Current status is: Green: I am completely operational, and all my circuits are functioning perfectly normally.

20180125 @9:46AM – Got an explanation on the Sunday networking incident – a new client of theirs was using a fiber optic transceiver which was mostly compatible but was generating subtle errors that used up all the CPU power of the switch. They swapped it out with a known compatible one, and the interface came back up

20180116 @1:50PM – PNAP’s network came back up. We’re awaiting details from them on the incident.

20180116 @1:45PM – One of our ISPs is having internal network issues (PNAP). All sites – except those using Cloudflare – have IP addresses with both of our ISP’s so are not affected significantly. Clients using Cloudflare can only have one IP address associated with their site (this is set in the Cloudflare control panel), so if set to use a PNAP IP address, that site is down.
For those clients where we have Cloudflare credentials, we will begin logging in to their Cloudflare account and change the IP address to our other provider.

20180106 @11PM – The email server (our sole legacy server) did not reboot correctly (it hadn’t been reset in 262 days), and had to be restored from backups. We took advantage of the downtime to do a full reinstall of the server on new hardware, which was a couple weeks earlier than planned. It now matches our other servers, and is both faster & more resilient for future reboots.

20180106 @3PM – We’ll be rolling out some reboot-needed updates to deal with the Intel “Meltdown” CPU bug. Downtime should be <15 minutes on average with the mail server likely taking longer. The mail server hasn’t been rebooted since March, and will likely be down for 45 minutes to an hour as it does its disk checks.
We expect to need to do at least another reboot cycle for this over the next few weeks.

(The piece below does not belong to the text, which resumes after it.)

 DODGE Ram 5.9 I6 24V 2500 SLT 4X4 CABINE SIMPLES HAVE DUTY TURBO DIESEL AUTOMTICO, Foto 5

20171216 @12:48 PM – Moved the disks from the failed server to our spare server, and after going through the normal disk checks, all sites came up fine. (This is why we keep a spare server on hand.)

20171216 @12:40PM – One of our core servers had a total hardware failure (blown motherboard). We’re moving disks to a replacement. (ETA 10 minutes)

20171210: One Phoenix webserver (whphx5) is on a server that just suffered a disk failure. We’re doing an emergency out-of-band backup and will then replace the disk. (Doing it in this order lessens the risk of changes since the last backup being lost if additional disks fail.)

 

 


 

Green: I am completely operational, and all my circuits are functioning perfectly normally.

AMBER: External network issues.

RED: Zombie Apocalypse

Magenta – a service is down, but not really an emergency.